Copy the entries exactly. Leave nothing out and add nothing.

• [DATA EXCERPTS]
══════

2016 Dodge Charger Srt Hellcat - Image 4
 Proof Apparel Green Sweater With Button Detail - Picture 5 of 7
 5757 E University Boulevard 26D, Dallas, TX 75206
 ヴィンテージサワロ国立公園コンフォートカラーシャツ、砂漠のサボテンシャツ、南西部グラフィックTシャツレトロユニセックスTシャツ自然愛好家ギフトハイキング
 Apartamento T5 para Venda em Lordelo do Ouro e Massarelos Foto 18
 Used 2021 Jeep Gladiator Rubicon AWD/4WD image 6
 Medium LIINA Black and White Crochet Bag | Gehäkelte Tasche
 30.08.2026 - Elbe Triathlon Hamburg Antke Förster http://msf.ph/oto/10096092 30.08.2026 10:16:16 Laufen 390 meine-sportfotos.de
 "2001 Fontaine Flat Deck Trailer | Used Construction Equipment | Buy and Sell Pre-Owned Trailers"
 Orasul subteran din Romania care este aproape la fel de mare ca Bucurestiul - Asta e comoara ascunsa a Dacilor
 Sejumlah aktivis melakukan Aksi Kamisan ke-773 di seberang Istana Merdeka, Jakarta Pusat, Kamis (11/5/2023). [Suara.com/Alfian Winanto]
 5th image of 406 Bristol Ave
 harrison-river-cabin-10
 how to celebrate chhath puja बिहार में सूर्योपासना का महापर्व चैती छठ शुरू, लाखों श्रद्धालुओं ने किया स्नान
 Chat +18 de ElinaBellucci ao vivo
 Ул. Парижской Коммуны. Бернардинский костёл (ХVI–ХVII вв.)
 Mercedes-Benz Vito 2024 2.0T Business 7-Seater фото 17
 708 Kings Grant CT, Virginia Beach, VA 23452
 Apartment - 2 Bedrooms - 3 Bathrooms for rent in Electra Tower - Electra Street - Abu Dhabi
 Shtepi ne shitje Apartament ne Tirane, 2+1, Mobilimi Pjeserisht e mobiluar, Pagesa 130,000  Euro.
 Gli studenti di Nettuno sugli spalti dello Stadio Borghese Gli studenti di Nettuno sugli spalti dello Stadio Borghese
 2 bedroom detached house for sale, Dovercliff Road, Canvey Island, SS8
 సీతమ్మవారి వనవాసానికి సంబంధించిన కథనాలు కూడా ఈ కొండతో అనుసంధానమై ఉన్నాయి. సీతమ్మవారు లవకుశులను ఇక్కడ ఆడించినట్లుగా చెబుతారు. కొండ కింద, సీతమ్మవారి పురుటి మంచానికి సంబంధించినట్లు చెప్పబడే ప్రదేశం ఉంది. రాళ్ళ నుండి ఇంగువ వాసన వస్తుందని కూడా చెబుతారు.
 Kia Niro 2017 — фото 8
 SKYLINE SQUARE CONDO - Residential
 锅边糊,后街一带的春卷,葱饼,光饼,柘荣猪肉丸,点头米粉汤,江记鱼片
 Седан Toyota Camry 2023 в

══════

• [REPLY]
2016 Dodge Charger Srt Hellcat - Image 4
 Proof Apparel Green Sweater With Button Detail - Picture 5 of 7
 5757 E University Boulevard 26D, Dallas, TX 75206
 ヴィンテージサワロ国立公園コンフォートカラーシャツ、砂漠のサボテンシャツ、南西部グラフィックTシャツレトロユニセックスTシャツ自然愛好家ギフトハイキング
 Apartamento T5 para Venda em Lordelo do Ouro e Massarelos Foto 18
 Used 2021 Jeep Gladiator Rubicon AWD/4WD image 6
 Medium LIINA Black and White Crochet Bag | Gehäkelte Tasche
 30.08.2026 - Elbe Triathlon Hamburg Antke Förster http://msf.ph/oto/10096092 30.08.2026 10:16:16 Laufen 390 meine-sportfotos.de
 "2001 Fontaine Flat Deck Trailer | Used Construction Equipment | Buy and Sell Pre-Owned Trailers"
 Orasul subteran din Romania care este aproape la fel de mare ca Bucurestiul - Asta e comoara ascunsa a Dacilor
 Sejumlah aktivis melakukan Aksi Kamisan ke-773 di seberang Istana Merdeka, Jakarta Pusat, Kamis (11/5/2023). [Suara.com/Alfian Winanto]
 5th image of 406 Bristol Ave
 harrison-river-cabin-10
 how to celebrate chhath puja बिहार में सूर्योपासना का महापर्व चैती छठ शुरू, लाखों श्रद्धालुओं ने किया स्नान
 Chat +18 de ElinaBellucci ao vivo
 Ул. Парижской Коммуны. Бернардинский костёл (ХVI–ХVII вв.)
 Mercedes-Benz Vito 2024 2.0T Business 7-Seater фото 17
 708 Kings Grant CT, Virginia Beach, VA 23452
 Apartment - 2 Bedrooms - 3 Bathrooms for rent in Electra Tower - Electra Street - Abu Dhabi
 Shtepi ne shitje Apartament ne Tirane, 2+1, Mobilimi Pjeserisht e mobiluar, Pagesa 130,000  Euro.
 Gli studenti di Nettuno sugli spalti dello Stadio Borghese Gli studenti di Nettuno sugli spalti dello Stadio Borghese
 2 bedroom detached house for sale, Dovercliff Road, Canvey Island, SS8
 సీతమ్మవారి వనవాసానికి సంబంధించిన కథనాలు కూడా ఈ కొండతో అనుసంధానమై ఉన్నాయి. సీతమ్మవారు లవకుశులను ఇక్కడ ఆడించినట్లుగా చెబుతారు. కొండ కింద, సీతమ్మవారి పురుటి మంచానికి సంబంధించినట్లు చెప్పబడే ప్రదేశం ఉంది. రాళ్ళ నుండి ఇంగువ వాసన వస్తుందని కూడా చెబుతారు.
 Kia Niro 2017 — фото 8
 SKYLINE SQUARE CONDO - Residential
 锅边糊,后街一带的春卷,葱饼,光饼,柘荣猪肉丸,点头米粉汤,江记鱼片
 Седан Toyota Camry 2023 в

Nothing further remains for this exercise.